The embodiment of the invention also provides a federal learning-based joint training system, which comprises at least two active parties and at least one passive party, wherein the passive party has characteristic data, each active party has part of tag data, any one of the at least two active parties is selected as a coordinator, and all the active parties and the passive parties have completed sample alignment.

Note that the above is only a preferred embodiment of the present invention and the technical principle applied. It will be understood by those skilled in the art that the present invention is not limited to the particular embodiments described herein, but is capable of various obvious changes, rearrangements and substitutions as will now become apparent to those skilled in the art without departing from the scope of the invention. Therefore, while the invention has been described in connection with the above embodiments, the invention is not limited to the embodiments, but may be embodied in many other equivalent forms without departing from the spirit or scope of the invention, which is set forth in the following claims.

Claims

1. A federal learning-based joint training method, applied to a federal learning-based joint training system, wherein the system includes at least two active parties and at least one passive party, the passive parties possess characteristic data, each active party possesses partial tag data, any one of the at least two active parties is selected as a coordinator, and all of the active parties and the passive parties have completed sample alignment, comprising:

2. The method according to claim 1, wherein the precision-based lossless privacy preserving tree promotion algorithm, a coordinator coordinates an active party and a passive party according to the [ g ] _i ]And [ h ] _i ]Training to obtain a lifting tree model, comprising:

3. The method of claim 2, wherein the preset termination condition comprises:

or alternatively, the first and second heat exchangers may be,

the tree depth of the lifting tree is equal to the set depth threshold.

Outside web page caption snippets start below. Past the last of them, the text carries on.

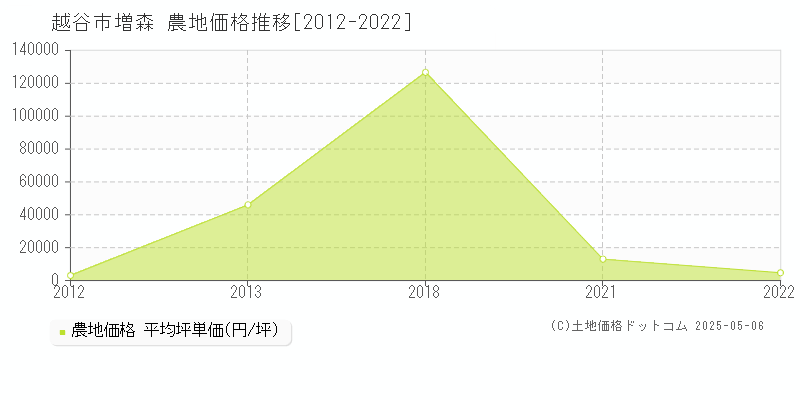 越谷市増森の農地価格推移グラフ 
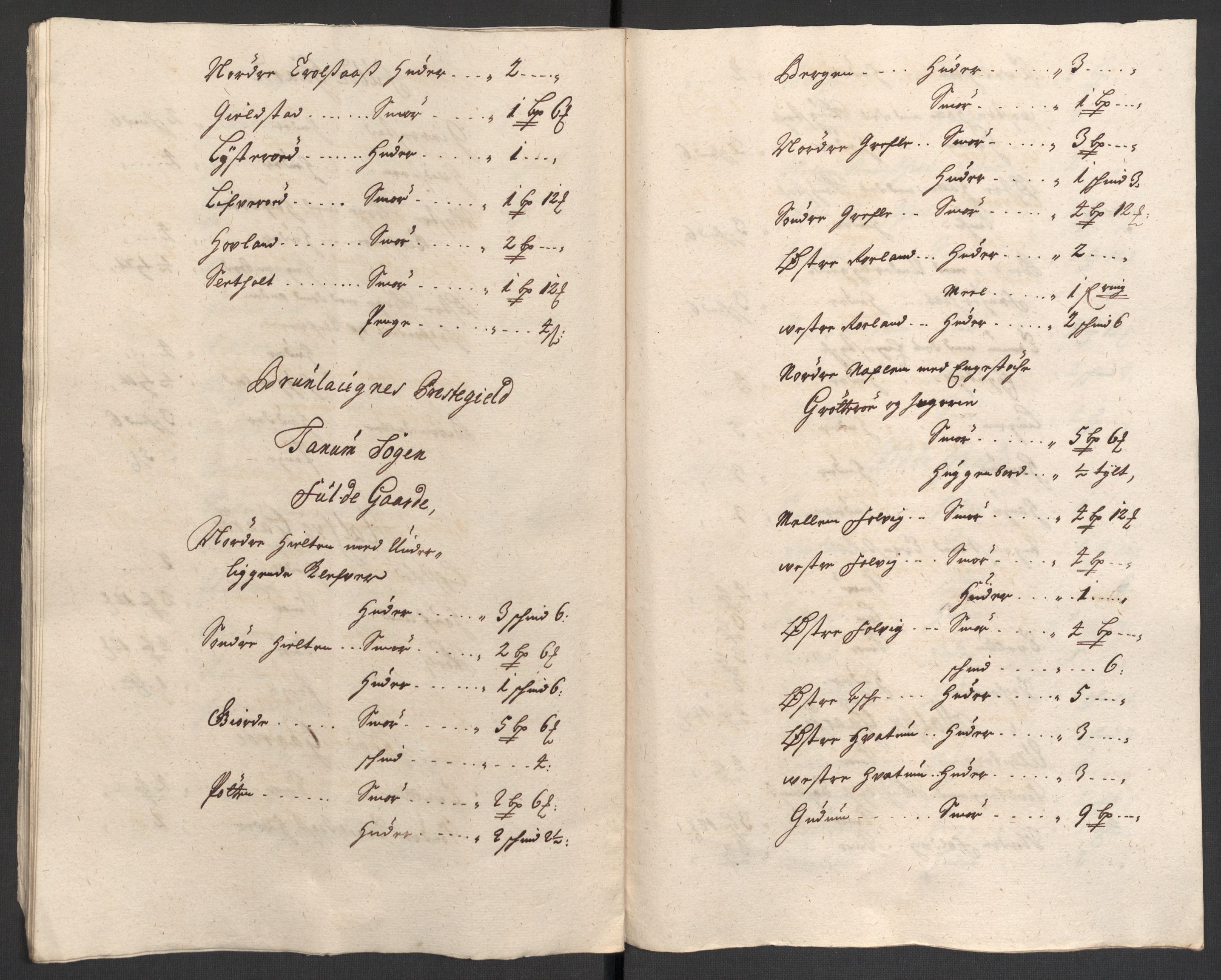 Rentekammeret inntil 1814, Reviderte regnskaper, Fogderegnskap, RA/EA-4092/R33/L1981: Fogderegnskap Larvik grevskap, 1709-1710, p. 34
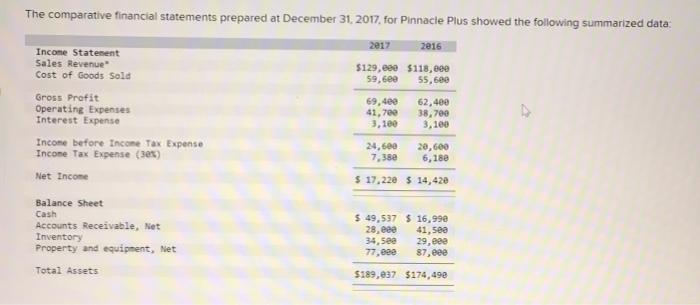  please do it asap ..and in the same format..thankyou The comparative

4. The method according to claim 1, wherein the precision-based lossless privacy preserving tree promotion algorithm, a coordinator coordinates an active party and a passive party according to the [ gi ] _] And [ h ] _i ]Training to obtain a lifting tree model, comprising:

5. The method according to claim 1, wherein the precision-based lossless privacy preserving tree promotion algorithm coordinatesThe party coordinates the active party and the passive party according to the [ g ] _i ]And [ h ] _i ]After training to obtain the lifting tree model, the method further comprises the following steps:

6. The method according to claim 1, wherein the precision-based lossless privacy preserving tree promotion algorithm, a coordinator coordinates an active party and a passive party according to the [ g ] _i ]And [ h ] _i ]Training to obtain a lifting tree model, comprising:

7. The method of claim 1, wherein the secure multiparty computing protocol comprises: SPDZ protocol supporting both parties' secure computing or NPDZ protocol supporting multiparty secure computing.

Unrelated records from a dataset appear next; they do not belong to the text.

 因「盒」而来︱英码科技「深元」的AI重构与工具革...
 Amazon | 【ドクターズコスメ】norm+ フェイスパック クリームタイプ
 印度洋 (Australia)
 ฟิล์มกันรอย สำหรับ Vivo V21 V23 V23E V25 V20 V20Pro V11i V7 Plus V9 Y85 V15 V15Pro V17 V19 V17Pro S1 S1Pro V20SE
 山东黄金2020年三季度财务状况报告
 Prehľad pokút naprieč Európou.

8. The method of claim 7, wherein the parameter server of the passive party bases the ciphertext [ g ] of the first derivative from each active party from the sample dimension based on a secure multiparty computing protocol _ji ]And ciphertext of second derivative [ h ] _ji ]Respectively summing to obtain ciphertext [ g ] of first derivative of active side sample _i ]And ciphertext of second derivative [ h ] _i ]Comprising:

based on the target protocol, the first and second derivatives from the coordinator and different initiatives are summed separately from the sample dimension.

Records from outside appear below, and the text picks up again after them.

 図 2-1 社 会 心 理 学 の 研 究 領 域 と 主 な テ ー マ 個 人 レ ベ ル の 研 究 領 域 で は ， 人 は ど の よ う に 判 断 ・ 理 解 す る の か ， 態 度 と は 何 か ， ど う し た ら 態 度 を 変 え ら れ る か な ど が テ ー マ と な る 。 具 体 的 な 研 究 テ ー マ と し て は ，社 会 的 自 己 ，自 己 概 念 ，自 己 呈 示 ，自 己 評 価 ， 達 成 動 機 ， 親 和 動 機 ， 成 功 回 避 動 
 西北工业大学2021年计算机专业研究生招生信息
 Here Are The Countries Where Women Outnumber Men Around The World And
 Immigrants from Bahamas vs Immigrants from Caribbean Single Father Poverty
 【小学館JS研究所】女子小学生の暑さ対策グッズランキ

9. A federal learning based joint training system, wherein the system comprises at least two active parties and at least one passive party, the passive party having characteristic data, each active party having part of tag data, any one of the at least two active parties being selected as a coordinator, all active and passive parties having completed sample alignment, characterized in that the system is applied with the federal learning based joint training method of any one of claims 1 to 8.